Aim Various methods are employed to recover patterns of area relationships in extinct and extant clades. The fidelity of these patterns can be adversely affected by sampling error in the form of missing data. Here we use simulation studies to evaluate the sensitivity of an analytical biogeographical method, namely tree reconciliation analysis (TRA), to this form of sampling failure.
Location Simulation study.
Methods To approximate varying degrees of taxonomic sampling failure within phylogenies varying in size and in redundancy of biogeographical signal, we applied sequential pruning protocols to artificial taxon–area cladograms displaying congruent patterns of area relationships. Initial trials assumed equal probability of sampling failure among all areas. Additional trials assigned weighted probabilities to each of the areas in order to explore the effects of uneven geographical sampling. Pruned taxon–area cladograms were then analysed with TRA to determine if the optimal area cladograms recovered match the original biogeographical signal, or if they represent false, ambiguous or uninformative signals.

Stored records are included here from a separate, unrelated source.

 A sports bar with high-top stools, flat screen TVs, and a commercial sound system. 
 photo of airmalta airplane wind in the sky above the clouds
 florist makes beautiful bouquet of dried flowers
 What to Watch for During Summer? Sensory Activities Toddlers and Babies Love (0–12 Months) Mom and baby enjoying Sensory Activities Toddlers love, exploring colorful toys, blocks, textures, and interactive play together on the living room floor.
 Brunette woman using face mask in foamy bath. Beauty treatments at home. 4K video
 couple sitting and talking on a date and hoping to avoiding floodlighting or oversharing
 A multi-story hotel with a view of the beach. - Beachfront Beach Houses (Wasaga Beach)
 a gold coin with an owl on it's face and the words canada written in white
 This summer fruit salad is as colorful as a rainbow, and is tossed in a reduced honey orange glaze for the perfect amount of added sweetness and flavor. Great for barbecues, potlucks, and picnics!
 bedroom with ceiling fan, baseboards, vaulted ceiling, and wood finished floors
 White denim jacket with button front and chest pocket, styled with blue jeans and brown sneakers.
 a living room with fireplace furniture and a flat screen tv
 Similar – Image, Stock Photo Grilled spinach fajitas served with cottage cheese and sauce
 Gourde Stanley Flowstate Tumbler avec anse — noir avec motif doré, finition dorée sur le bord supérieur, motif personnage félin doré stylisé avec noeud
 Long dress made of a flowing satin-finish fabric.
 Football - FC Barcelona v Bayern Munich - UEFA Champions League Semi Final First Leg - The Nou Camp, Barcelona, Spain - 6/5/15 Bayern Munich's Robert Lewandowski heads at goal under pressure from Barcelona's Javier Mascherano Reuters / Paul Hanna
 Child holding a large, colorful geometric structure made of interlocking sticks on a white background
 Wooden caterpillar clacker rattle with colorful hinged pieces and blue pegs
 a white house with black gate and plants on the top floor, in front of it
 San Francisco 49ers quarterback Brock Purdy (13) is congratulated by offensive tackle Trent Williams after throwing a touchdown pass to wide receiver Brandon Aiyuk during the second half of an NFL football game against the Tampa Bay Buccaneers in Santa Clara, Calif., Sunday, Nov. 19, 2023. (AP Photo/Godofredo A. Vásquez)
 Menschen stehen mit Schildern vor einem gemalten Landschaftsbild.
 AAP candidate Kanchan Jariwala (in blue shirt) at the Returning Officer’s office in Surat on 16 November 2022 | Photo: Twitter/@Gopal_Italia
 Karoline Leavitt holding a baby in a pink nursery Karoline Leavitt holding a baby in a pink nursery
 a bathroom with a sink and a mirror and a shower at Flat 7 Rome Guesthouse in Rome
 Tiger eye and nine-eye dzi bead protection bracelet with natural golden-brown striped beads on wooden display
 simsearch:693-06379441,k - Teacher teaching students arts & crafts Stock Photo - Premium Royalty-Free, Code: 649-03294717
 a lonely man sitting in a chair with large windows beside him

Results The results indicate a period of consistently accurate recovery of the true biogeographical signal, followed by a nonlinear decrease in signal recovery as more taxa are pruned. At high levels of sampling failure, false biogeographical signals are more likely to be recovered than the true signal. However, randomization testing for statistical significance greatly decreases the chance of accepting false signals. The primary inflection of the signal recovery curve, and its steepness and slope depend upon taxon–area cladogram size and area redundancy, as well as on the evenness of sampling. Uneven sampling across geographical areas is found to have serious deleterious effects on TRA, with the accuracy of recovery of biogeographical signal varying by an order of magnitude or more across different sampling regimes.
Main conclusions These simulations reiterate the importance of taxon sampling in biogeographical analysis, and attest to the importance of considering geographical, as well as overall, sampling failure when interpreting the robustness of biogeographical signals. In addition to randomization testing for significance, we suggest the use of randomized sequential taxon deletions and the construction of signal decay curves as a means to assess the robustness of biogeographical signals for empirical data sets.